Monday, May 11, 2009

Astonishing X-Men

The X-Men have long been my favorite characters in comics. Yet I've had a hard time really appreciating the main X-books since about 2001, when Grant Morrison began his run on New X-Men. The plots were needlessly convoluted and the characters seemed to be alienated from each other, but the biggest reason for my dislike came down to his treatment of just two characters: Scott Summers and Jean Grey. Morrison took Cyclops, the X-Men's ultimate idealistic boy scout, and turned him into a wimp-ass wannabe bad boy. He took Jean, who had emerged from the shadow of the Phoenix entity in the 1990s to become a truly formidable leader, rebonded her to the Phoenix, and reduced her to the fanboy distortion of "that chick who dies a lot." And in the process, he tore apart their marriage, which I would still argue is the greatest love story in comics.

Now, I'm not saying there haven't been great X-Men stories told since Morrison's reign. But without Scott Summers and Jean Grey at the center of them - with Scott instead shacked up with Emma Frost, with whom he had a psychic affair before Jean's death - they just haven't been my X-Men.

Which kind of makes Joss Whedon's run on Astonishing X-Men live up to its name all the more. I've just finished reading it all, start to finish, for the second time, and I still don't hate it.
Joss immediately sets right a lot of what Morrison muddled. He puts the X-Men back in spandex, gets them back in the game of reaching out to the human community by being superheroes rather than holing up in the mansion and teaching mutant kids how much better they are than humans. He gives Cyclops his idealism back, and shows us the X-Men actually enjoying each others' company again (even as they wind up in fist-fights every other page). They're a family. An endlessly squabbling family that expects the world of one another, but what family doesn't?
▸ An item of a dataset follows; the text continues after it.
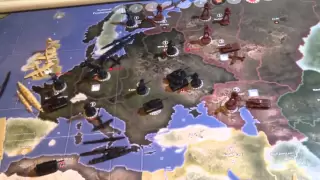 Axis and Allies - How to Play - Part 3 of 5 (1941 Edition)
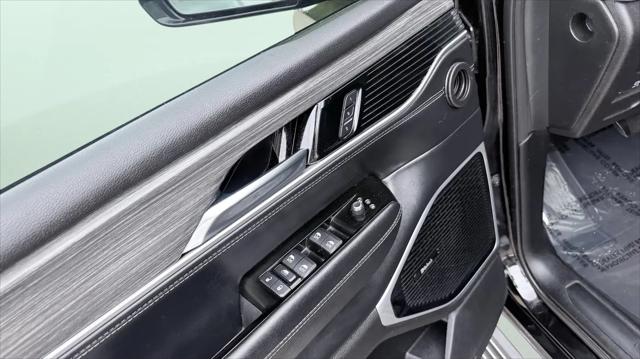 2022 Jeep Wagoneer Series III 4x4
What's more, the Whedon issues of Astonishing X-Men offer some of the finest visual storytelling in comics. The "camera angles," the intercutting between parallel scenes, the characters' body language and blocking, it's all brilliant. The scene where Colossus returns from the dead is a perfect example: the guards' bullets pass through Kitty Pryde and ping off something in the shadows; Colossus steps out; Kitty freezes, Colossus running right through her to take down the guards, but the view remains locked on Kitty and the shock on her face. It's perfect. I'd love to get my hands on some of the scripts, and really pick apart how much of this was planned by Whedon and how much was the genius of artist John Cassaday.

But the really weird part? When Joss is writing them, I don't even hate Scott & Emma as a couple. Don't get me wrong; I still hate how it started and the revisionist writers who try to suggest Scott & Jean were never good for one another. (Joss has Emma suggest it, but Scott clearly isn't buying in.) But Joss emphasizes two people with ridiculous cases of survivor's guilt - for different reasons, from different pasts - coming together, each seeing the other very differently from how they see themselves, and trying to be better together. It's almost kinda cool. I still want Jean to come back, I still want to see her and Scott put back together, but I don't have to hate the Scott/Emma relationship as a step along Scott's journey.